Sharp angles: Jones uses a variety of post-integration techniques depending on the type of attack and its proximity to the goal line, hasn't traditionally lingered in any of them too long, and only got beat twice from during his run to the Cup Final. But he gave up 11 goals from near or below the goal line this season, and 33 goals on low-high plays, so it will be interesting to see if the Oilers try to attack.

Under the arms: Jones showed terrific hands in this past playoffs but relies more on positioning and good defense that forces opponents to make perfect shots under pressure. So, while some may be drawn to the 26 high-glove goals, which included 13 on clean chances where he had time to get set and could see the shot, the more surprising number was the 10 goals that went under each arm. Many of those were included in the 33 screen and 39 deflection goals, reinforcing the notion it often takes a great shot to beat Jones clean so you better take away his sight lines because he rarely opens up except to look over or around screens.

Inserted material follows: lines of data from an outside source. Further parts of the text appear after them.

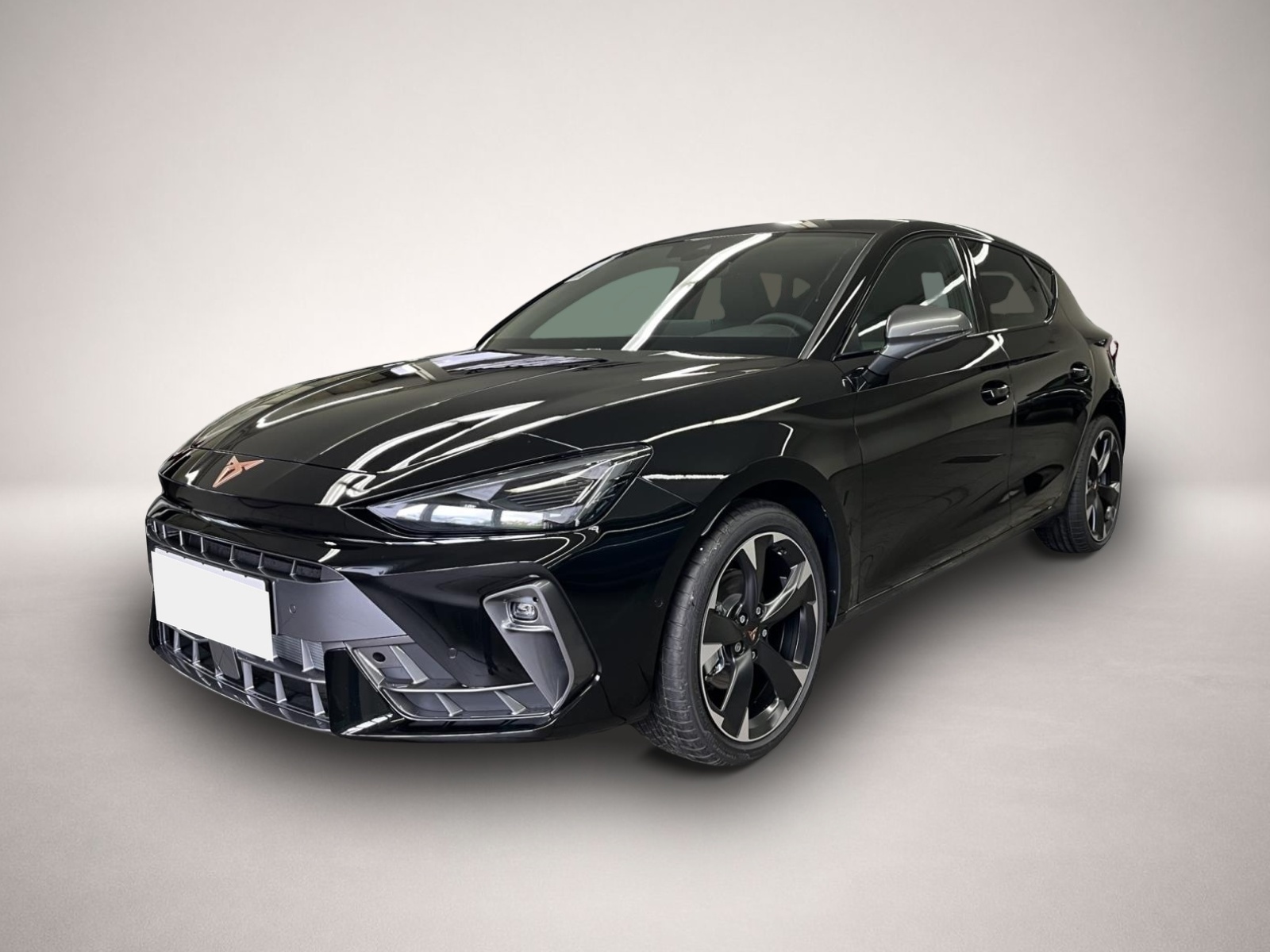 Bild Leon Cupra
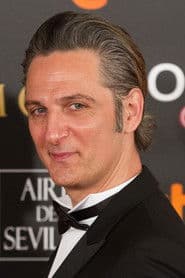 Ernesto Alterio as Prisoner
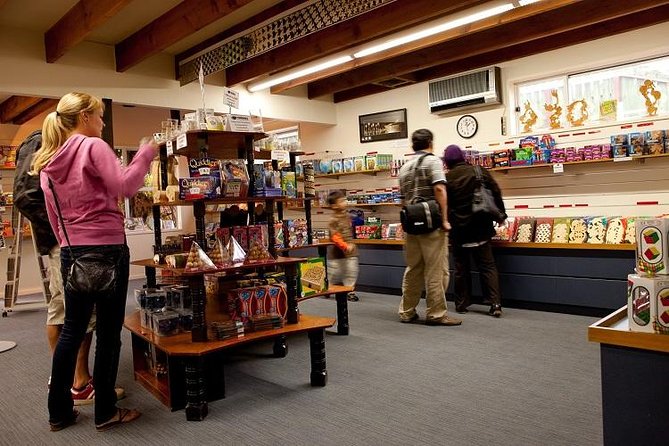 COMBO Admission: Puzzling World, Wanaka - Is $20.17 Good Value?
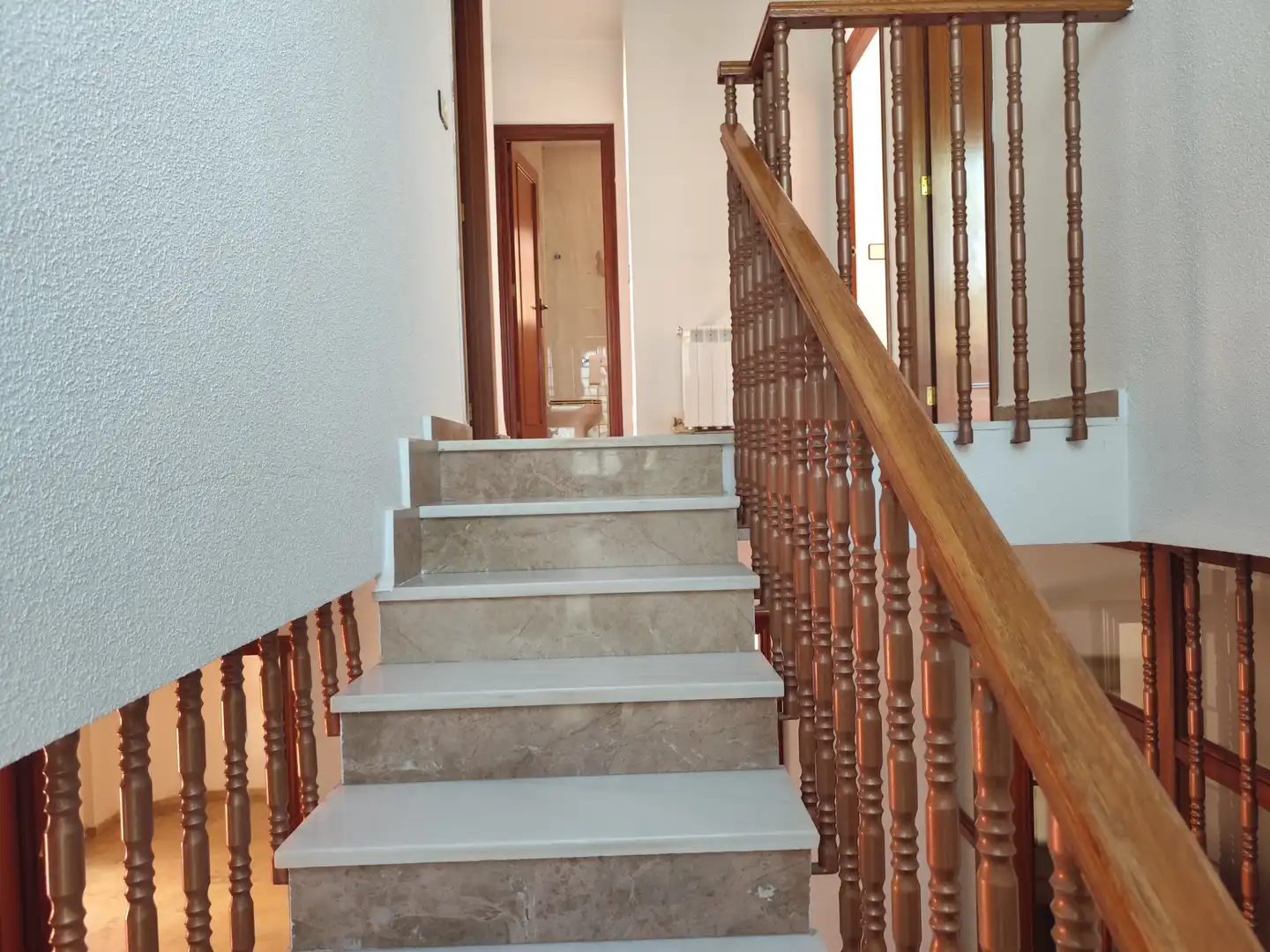 Casa a schiera con terrazza in vendita a Calle Gerardo Diego 4, imagen 41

Left to right: Most goalies have one direction that they move better in. For most, including Jones, it's to the glove side. His movement to the blocker lacked the same early rotation to the post in last year's playoff run, which creates flat pushes parallel to the goal line and sometimes left him chasing plays past his right post and stranded outside his crease. His numbers are balanced between left and right this season, though 4.7 percent of the goals from outside the home plate area came from his blocker side compared to 2.7 percent on the glove but watch to see if the Oilers don't try attack in this direction, particularly on their power play.